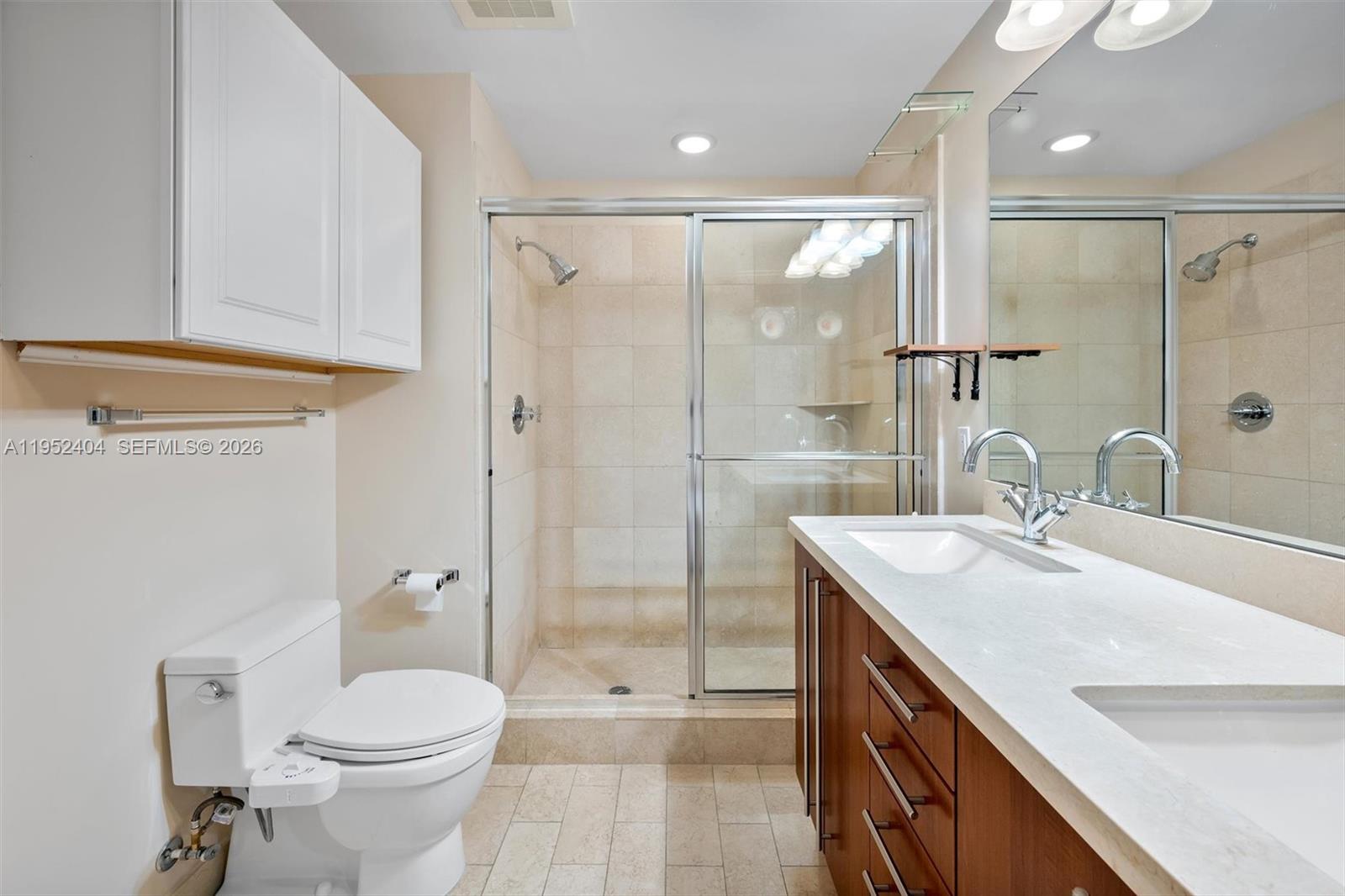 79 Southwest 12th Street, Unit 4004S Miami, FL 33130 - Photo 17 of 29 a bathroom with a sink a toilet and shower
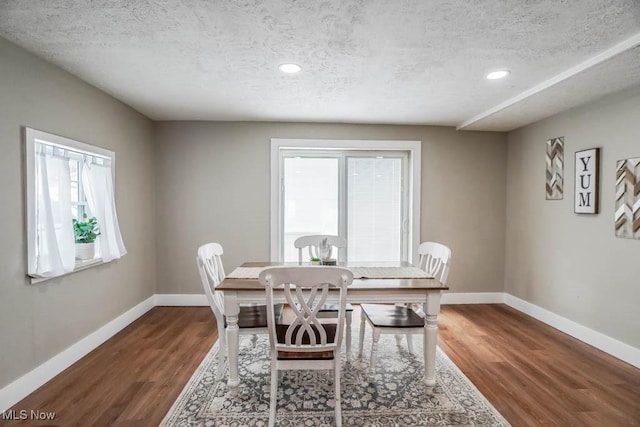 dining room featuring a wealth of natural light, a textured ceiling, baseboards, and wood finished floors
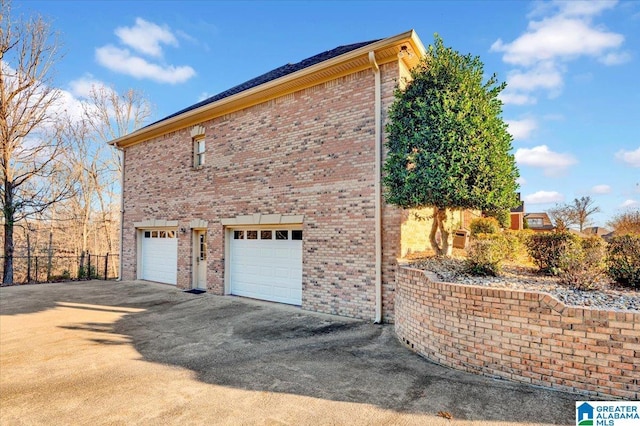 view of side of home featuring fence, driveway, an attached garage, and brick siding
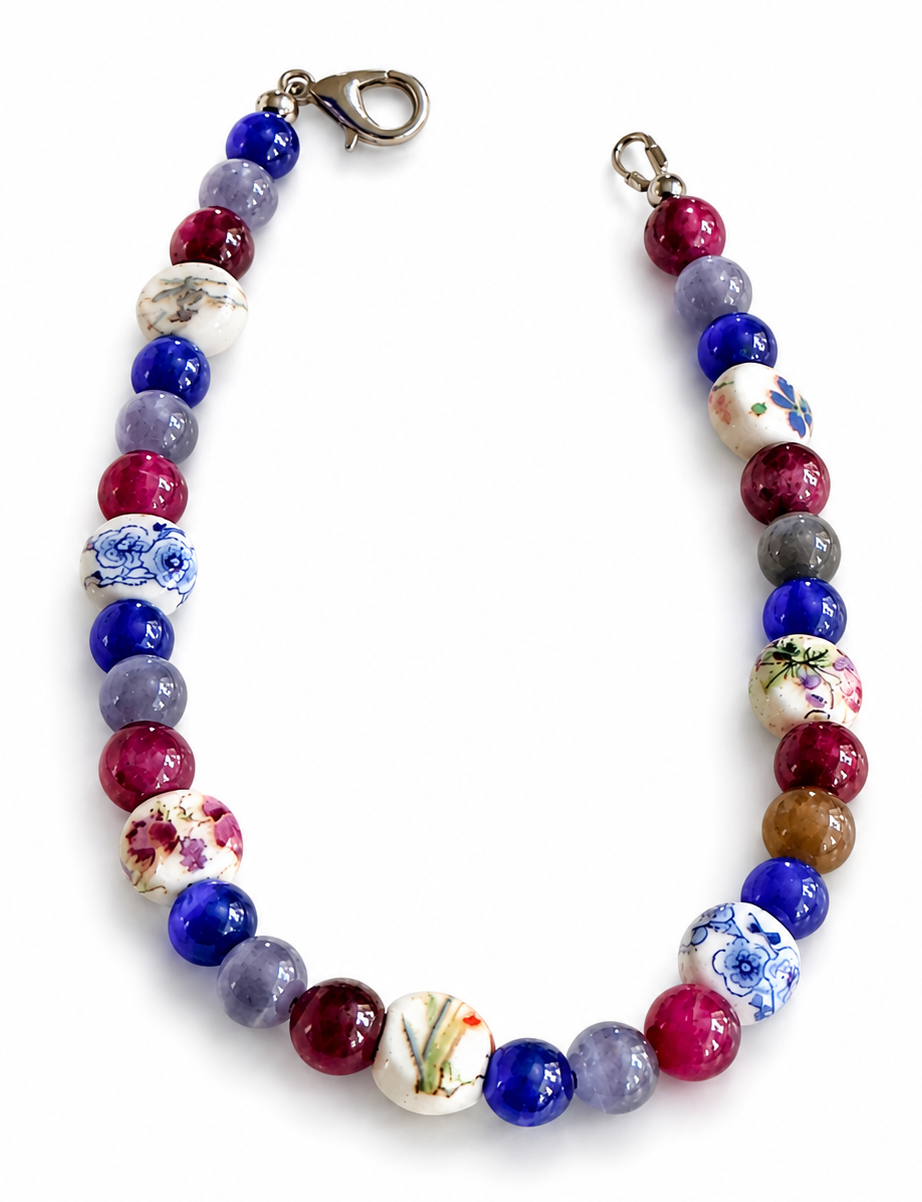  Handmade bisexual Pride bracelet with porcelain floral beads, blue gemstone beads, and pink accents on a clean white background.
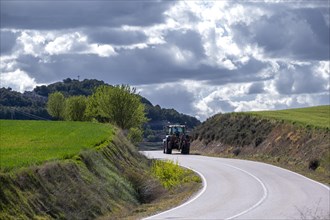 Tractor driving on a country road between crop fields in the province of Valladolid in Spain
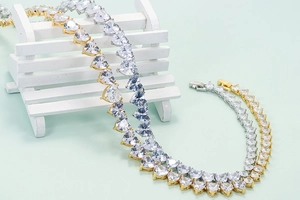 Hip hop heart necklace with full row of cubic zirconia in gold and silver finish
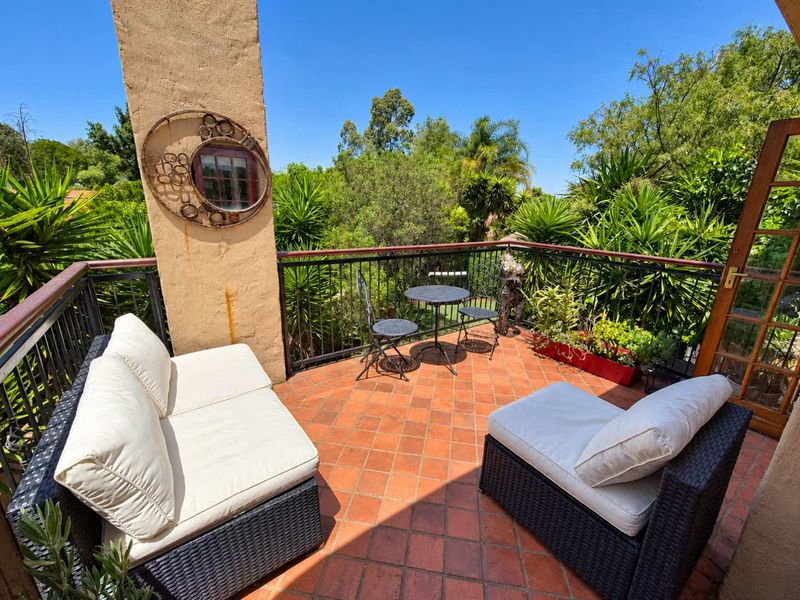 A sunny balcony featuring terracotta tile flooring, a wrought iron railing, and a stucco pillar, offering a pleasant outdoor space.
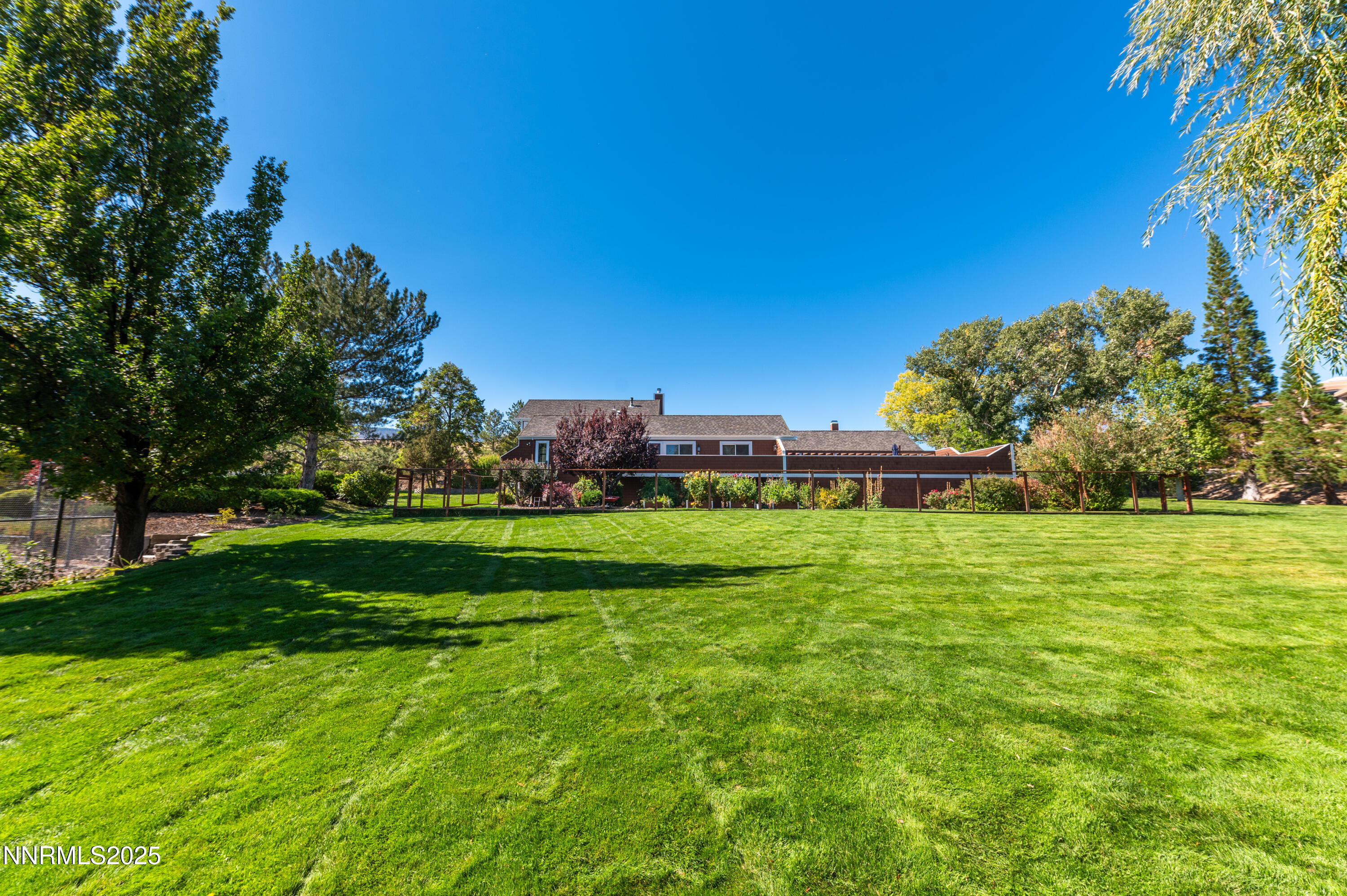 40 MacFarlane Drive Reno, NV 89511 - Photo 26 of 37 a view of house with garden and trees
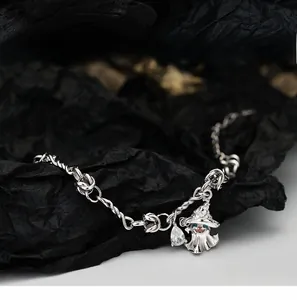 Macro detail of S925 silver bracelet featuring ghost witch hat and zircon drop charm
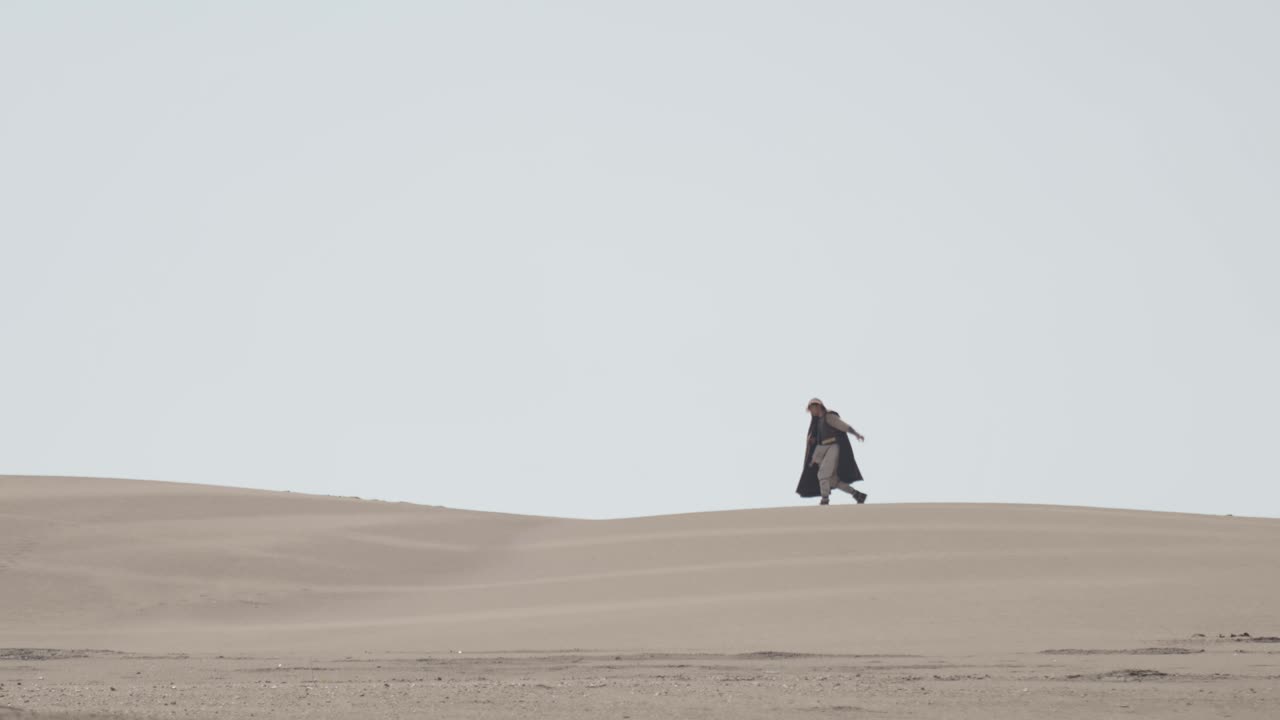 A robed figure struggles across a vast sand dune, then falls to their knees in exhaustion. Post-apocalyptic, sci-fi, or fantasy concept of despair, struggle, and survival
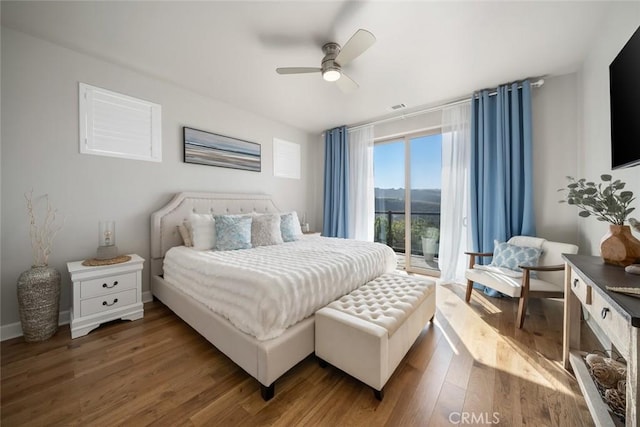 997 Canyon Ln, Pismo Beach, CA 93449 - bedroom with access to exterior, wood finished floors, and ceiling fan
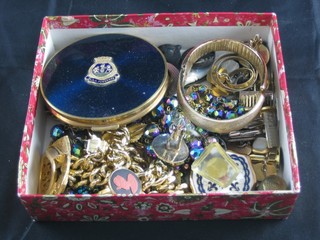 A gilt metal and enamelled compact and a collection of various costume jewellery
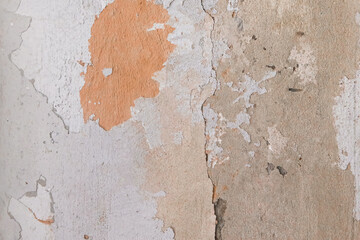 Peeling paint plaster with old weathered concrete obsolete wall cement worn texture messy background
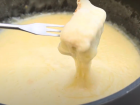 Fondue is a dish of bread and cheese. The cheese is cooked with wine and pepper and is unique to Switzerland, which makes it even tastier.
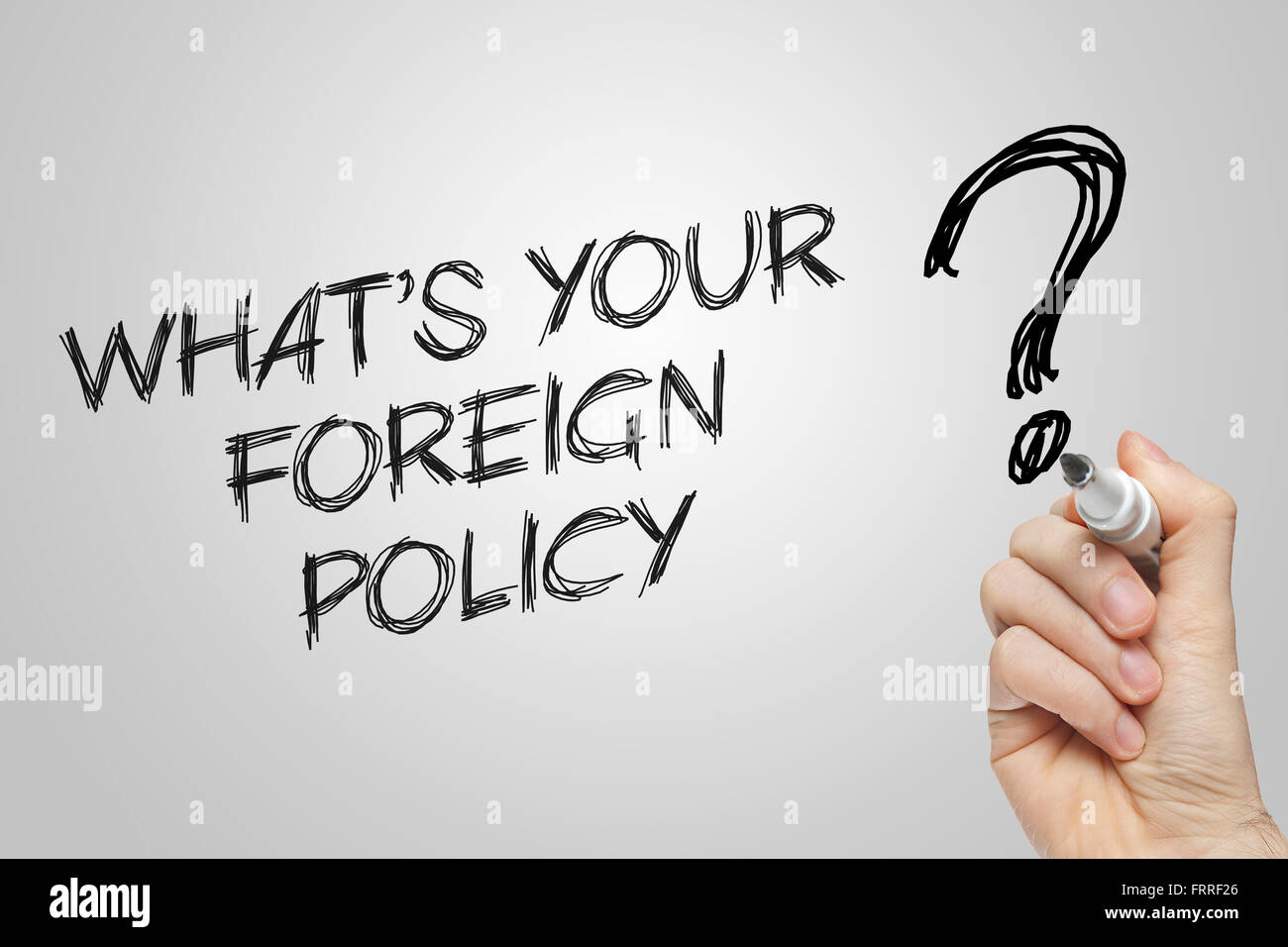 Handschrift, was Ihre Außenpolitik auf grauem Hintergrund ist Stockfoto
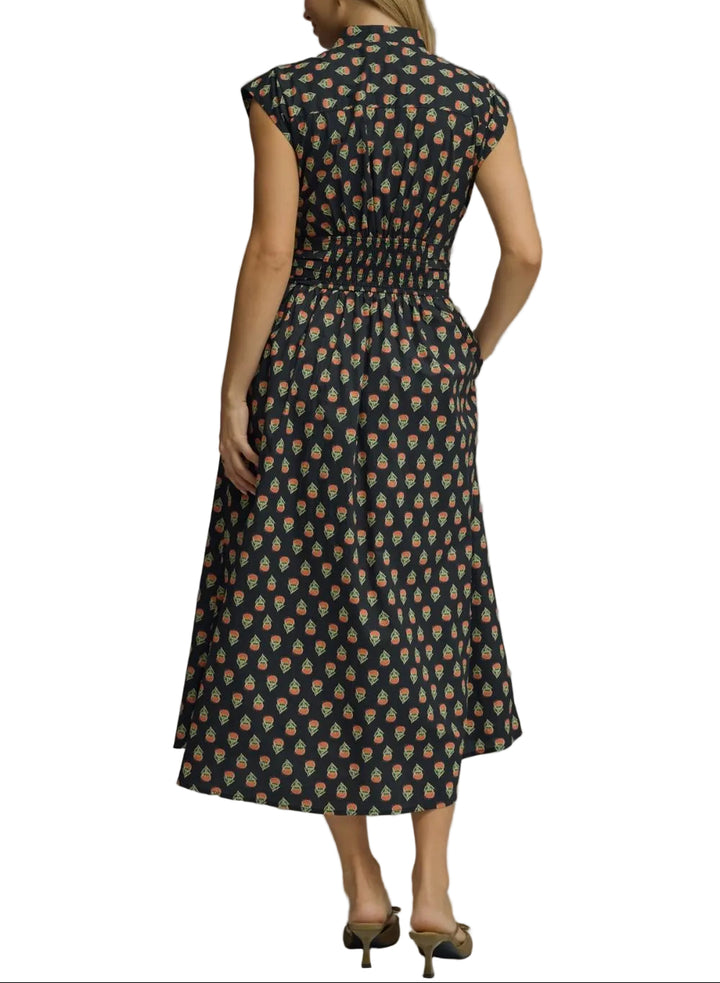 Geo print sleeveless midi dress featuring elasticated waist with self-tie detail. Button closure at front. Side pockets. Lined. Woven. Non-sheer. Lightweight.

■ TASK DESCRIPTION: Taking the material above, give again exactly the lines from the one holding "Fondue is a" through the one holding "Handschrift, was Ihre", with both ends and without pictures.

■ WRITTEN ANSWER:
 Fondue is a dish of bread and cheese. The cheese is cooked with wine and pepper and is unique to Switzerland, which makes it even tastier.
 Handschrift, was Ihre Außenpolitik auf grauem Hintergrund ist Stockfoto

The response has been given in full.